The Paris Agreement, signed earlier this year at the United Nations, seeks to limit global warming to below two degrees Celsius above pre-industrial levels.

The Paris Agreement will only enter into force 30 days after two thresholds are met; at least 55 countries have to ratify or approve the treaty, and the countries that ratify the agreement must represent 55 percent of the world’s greenhouse gas emissions. Before today, 62 countries representing 52.11 percent of greenhouse gasses had ratified the treaty, meeting one threshold, but not the other.

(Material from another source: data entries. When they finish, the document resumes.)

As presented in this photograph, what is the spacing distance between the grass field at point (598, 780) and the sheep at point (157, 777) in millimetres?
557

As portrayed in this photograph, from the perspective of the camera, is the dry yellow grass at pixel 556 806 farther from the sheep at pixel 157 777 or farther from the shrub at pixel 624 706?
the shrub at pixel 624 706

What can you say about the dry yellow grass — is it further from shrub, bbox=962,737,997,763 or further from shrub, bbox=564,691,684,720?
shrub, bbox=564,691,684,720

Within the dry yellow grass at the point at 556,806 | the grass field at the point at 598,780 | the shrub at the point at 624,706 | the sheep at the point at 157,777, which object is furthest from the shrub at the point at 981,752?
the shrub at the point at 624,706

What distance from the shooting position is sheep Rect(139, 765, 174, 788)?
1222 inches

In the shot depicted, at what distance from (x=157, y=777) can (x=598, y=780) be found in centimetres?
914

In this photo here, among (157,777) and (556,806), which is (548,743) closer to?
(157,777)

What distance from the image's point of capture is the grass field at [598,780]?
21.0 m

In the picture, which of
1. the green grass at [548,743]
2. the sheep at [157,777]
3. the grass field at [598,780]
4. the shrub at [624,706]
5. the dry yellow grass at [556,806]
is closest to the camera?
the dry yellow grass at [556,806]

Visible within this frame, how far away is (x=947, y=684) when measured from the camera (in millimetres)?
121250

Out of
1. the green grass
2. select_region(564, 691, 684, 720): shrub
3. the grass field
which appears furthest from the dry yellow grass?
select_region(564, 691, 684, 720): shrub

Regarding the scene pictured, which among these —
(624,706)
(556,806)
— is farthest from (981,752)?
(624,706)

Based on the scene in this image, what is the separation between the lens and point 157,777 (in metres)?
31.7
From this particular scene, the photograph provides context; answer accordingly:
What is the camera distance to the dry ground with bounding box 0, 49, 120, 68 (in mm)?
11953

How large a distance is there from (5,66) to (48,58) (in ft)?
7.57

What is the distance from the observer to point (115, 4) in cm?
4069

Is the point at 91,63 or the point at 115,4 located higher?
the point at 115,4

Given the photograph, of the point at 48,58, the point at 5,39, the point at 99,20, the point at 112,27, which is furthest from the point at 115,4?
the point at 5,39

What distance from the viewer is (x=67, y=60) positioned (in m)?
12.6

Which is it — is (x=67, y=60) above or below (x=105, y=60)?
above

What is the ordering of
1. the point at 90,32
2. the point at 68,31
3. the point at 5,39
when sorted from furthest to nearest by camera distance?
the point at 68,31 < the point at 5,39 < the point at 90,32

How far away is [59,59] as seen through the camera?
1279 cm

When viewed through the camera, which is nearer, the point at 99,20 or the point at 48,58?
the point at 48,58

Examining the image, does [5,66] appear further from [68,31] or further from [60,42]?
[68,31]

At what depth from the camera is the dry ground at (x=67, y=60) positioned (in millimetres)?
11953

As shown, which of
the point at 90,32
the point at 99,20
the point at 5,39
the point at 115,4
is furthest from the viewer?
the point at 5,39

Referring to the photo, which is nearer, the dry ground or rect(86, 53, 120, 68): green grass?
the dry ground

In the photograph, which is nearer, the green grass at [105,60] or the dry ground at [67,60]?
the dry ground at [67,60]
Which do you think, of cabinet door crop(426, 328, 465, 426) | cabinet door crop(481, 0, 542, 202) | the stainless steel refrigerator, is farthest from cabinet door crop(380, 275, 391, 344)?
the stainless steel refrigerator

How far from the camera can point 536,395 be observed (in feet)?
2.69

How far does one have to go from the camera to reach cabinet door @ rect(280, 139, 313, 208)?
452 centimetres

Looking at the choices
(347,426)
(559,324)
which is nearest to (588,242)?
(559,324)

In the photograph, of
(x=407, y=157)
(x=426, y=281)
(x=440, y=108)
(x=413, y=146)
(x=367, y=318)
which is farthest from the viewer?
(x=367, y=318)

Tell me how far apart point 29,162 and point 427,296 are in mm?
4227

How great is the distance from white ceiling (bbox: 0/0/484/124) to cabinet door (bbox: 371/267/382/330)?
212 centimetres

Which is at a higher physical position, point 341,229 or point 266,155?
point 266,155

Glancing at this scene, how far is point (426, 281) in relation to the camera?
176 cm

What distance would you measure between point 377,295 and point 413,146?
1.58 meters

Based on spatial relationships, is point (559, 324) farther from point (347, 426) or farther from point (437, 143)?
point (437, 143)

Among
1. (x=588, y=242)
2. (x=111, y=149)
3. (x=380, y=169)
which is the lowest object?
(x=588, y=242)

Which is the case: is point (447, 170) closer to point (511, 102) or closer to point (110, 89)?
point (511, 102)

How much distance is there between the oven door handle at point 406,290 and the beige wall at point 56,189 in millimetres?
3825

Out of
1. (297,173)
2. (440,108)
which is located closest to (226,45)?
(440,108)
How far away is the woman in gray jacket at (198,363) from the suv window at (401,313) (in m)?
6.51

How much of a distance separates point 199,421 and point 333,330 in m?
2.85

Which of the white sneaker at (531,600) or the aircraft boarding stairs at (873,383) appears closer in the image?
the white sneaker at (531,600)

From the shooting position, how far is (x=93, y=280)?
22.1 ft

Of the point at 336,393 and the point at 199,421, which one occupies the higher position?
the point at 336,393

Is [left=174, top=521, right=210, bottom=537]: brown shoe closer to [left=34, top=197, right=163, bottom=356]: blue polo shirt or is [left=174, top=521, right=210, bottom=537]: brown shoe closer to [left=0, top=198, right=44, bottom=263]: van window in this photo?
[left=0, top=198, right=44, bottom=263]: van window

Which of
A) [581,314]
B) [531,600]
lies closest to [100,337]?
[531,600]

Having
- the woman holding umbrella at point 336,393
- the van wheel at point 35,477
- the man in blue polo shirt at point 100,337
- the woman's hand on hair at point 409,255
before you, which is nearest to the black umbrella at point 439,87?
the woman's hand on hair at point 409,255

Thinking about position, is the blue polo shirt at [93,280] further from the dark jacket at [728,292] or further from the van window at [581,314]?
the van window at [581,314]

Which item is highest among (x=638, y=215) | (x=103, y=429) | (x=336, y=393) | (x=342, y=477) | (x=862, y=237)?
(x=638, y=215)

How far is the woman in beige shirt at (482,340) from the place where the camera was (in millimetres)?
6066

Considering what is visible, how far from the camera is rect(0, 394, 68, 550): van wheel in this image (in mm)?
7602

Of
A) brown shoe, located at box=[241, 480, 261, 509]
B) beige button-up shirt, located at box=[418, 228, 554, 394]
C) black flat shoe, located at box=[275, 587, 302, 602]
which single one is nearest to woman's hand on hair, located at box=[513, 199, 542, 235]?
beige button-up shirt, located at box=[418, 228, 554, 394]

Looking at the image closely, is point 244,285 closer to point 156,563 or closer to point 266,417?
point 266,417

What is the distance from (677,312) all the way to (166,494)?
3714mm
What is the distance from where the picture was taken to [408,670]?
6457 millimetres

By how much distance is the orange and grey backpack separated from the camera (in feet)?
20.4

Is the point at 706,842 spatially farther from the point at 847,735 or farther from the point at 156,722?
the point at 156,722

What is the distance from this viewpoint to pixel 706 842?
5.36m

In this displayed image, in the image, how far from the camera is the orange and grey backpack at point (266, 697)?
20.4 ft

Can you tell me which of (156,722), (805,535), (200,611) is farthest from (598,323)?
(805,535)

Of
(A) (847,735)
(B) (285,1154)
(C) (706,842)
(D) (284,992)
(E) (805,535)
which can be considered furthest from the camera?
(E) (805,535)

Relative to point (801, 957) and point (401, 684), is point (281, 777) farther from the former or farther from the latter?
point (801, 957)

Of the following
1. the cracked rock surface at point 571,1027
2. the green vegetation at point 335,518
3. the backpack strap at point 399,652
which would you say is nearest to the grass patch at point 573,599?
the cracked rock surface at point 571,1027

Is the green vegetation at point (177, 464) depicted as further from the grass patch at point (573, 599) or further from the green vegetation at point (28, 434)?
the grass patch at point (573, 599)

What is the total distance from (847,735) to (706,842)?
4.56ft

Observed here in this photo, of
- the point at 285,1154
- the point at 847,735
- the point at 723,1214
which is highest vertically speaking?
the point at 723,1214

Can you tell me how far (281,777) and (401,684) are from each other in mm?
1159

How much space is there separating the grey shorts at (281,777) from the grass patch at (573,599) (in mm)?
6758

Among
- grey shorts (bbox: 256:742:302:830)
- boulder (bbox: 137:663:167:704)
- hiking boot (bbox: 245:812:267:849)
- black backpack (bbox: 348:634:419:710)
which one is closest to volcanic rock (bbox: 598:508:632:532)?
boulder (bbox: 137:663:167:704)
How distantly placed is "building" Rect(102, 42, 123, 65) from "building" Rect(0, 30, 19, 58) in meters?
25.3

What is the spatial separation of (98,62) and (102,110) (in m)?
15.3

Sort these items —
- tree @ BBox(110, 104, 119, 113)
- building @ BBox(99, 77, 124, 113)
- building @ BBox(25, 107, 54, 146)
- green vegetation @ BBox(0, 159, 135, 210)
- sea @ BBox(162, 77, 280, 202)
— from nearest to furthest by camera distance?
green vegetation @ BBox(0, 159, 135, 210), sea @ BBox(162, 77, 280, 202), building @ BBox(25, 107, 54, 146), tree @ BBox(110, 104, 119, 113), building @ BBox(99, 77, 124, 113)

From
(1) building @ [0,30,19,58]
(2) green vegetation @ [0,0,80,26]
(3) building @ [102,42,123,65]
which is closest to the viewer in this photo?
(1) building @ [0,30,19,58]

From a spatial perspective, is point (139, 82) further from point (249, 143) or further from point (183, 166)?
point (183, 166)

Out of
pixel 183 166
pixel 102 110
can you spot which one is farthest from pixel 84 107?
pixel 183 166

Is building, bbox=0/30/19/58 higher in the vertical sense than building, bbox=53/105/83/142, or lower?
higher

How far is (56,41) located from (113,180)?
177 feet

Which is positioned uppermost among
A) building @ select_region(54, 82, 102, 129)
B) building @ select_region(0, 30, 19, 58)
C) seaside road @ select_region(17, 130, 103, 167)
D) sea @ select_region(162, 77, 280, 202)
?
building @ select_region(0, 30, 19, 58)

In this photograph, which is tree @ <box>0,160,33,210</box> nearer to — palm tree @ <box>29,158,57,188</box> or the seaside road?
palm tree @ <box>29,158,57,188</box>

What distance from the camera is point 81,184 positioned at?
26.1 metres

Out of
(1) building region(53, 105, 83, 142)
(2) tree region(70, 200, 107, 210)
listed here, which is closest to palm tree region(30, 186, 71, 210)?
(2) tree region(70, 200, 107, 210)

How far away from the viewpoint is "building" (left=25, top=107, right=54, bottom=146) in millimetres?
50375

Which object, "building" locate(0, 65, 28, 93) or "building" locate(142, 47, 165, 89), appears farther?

In order to ratify the Paris Agreement, the 28 countries in the European Union need to go through an additional step, ratifying the agreement at the EU, and then ratifying it at a national level. Today’s vote at the European Parliament crossed that first to-do off of its list, opening the door for EU member countries to ratify the agreement. The hope is that within a week, enough European countries will ratify the agreement to push it over the finish line and into force. Seven EU countries (Hungary, France, Slovakia, Austria, Malta, Portugal and Germany) have already finished the national portion of their ratification process, and since those seven countries collectively represent five percent of greenhouse gas emissions, that should be enough to push the agreement into force.

“Our vote paves the way to ensure that the agreement meets the necessary threshold (…) The entry into force of the Paris agreement less than one year after its signature is a massive achievement, given that it took eight years for the Kyoto protocol. Today’s vote also means that the EU remains a climate leader” said European Parliament President Martin Schulz.